At 7 pm I was standing, circling and losing my mind amid the evenings vetmed emergency offerings I had unintentionally invited to my own misery party. I looked into the surgery room. On the table to the left was an 8-month-old puppy. I’ll call her Sophie. She was intubated, on oxygen, and poorly to absently responsive. Under her head sat a bucket of vomit with specks of white pills. To the right of her was Taylor. A five-month-old tabby with fluid in his chest. He was sleeping in a clear plastic box full of life saving, life giving super saturated 100% oxygen. He was happy and loving his time with us, thanks to the oxygen. Just outside the doors to the surgery in a little stainless-steel cage sat Mollie. She was barely visible behind her cluttered cage door with its two fluid pumps, iv fluid bags, (also two), and a clipboard holding checklist of her too numerous medications. You couldn't see her adorable face with its white fluff mane that surrounded her blunted nose and omni present wide mouthed grin framed within the haloed plastic e-collar. She was sitting up on her front feet but straining and posturing her back legs. She had spent the last week like this. Trying in vain to push out a stone that was lodged so deep down her urethra it was only permitting a drop of urine at a time to pass. In the cage beneath Mollie was Genie. A sweet, slow, aged Dobie who had been vomiting for four days. She came in as a mystery ailment and she remained the same until the next day when the 4-year-old in her family confessed to feeding her a whole box of chewy milk-bones. She was in critical condition and not able to move, except for the vomiting that just spilled out of her mouth as she lacked the strength to pick up her head. Skip a few feet to the left and there was Tigger. I.v. catheter running saline into his veins in the hopes we could flush out the grit in his bladder and dodge the need to place a urinary catheter. He had arrived 3 days earlier just about to block. We mounted the most aggressive defensive plan we could to spare him a urinary catheter and his mom the price tag it came with.

Gastric lavage

Within these moments time stands still. I have to suspend it. It is the only way I can muster all of the senses to attention to compute the vulnerabilities and re-assign staff to guard the weak points. I know, I know deep in the seat of my gut, that at least 2, maybe even four of these guys are going to die in front of me.
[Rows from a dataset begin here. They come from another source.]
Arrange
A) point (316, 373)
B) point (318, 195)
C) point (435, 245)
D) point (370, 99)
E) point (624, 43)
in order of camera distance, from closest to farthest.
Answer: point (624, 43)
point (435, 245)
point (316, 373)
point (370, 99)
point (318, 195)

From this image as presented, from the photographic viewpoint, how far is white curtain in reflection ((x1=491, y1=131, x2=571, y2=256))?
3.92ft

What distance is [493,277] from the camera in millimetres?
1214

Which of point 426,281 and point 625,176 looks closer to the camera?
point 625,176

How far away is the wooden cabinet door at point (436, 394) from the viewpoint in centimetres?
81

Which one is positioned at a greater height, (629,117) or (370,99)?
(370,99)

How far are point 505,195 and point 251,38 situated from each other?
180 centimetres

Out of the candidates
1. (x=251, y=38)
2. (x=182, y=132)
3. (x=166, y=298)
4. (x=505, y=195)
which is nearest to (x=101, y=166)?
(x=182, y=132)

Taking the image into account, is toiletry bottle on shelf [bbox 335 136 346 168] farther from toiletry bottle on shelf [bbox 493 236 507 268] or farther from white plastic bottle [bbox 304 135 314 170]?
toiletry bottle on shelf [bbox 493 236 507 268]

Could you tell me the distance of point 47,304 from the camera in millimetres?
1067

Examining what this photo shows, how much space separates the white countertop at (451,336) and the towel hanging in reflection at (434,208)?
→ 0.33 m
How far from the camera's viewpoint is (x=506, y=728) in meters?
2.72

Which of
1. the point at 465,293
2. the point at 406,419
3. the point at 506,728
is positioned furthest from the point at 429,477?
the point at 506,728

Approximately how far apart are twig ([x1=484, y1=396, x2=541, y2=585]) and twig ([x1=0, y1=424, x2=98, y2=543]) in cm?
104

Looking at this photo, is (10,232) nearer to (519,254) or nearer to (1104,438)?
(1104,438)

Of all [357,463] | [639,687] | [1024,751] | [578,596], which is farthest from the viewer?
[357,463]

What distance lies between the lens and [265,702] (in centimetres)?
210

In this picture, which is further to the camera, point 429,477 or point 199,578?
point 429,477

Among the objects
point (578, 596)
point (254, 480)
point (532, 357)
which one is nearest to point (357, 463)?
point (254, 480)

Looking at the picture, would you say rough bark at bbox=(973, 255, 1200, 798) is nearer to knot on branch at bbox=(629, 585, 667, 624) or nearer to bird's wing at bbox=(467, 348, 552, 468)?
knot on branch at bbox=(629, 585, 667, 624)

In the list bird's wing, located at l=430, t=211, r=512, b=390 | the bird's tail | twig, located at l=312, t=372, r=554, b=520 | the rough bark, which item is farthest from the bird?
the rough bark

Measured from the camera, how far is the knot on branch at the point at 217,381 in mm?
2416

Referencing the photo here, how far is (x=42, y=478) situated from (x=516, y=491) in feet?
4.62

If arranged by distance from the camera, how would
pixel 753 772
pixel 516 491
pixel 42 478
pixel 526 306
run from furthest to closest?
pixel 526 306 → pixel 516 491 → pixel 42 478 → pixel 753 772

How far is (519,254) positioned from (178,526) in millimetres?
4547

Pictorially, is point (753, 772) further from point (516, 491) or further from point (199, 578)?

Probably in the next few minutes to hours. “I am not an E.R.” I remind only myself this time.

This is one of the best examples I can give of where vetmed is now. We have burnt so many people they don’t trust, or don’t want to be sent to an ER. For all of the many reasons the ER’s have gotten themselves in the predicament our clients see them as, it doesn’t change the reality that accidents, illnesses and yes, even death comes to find us.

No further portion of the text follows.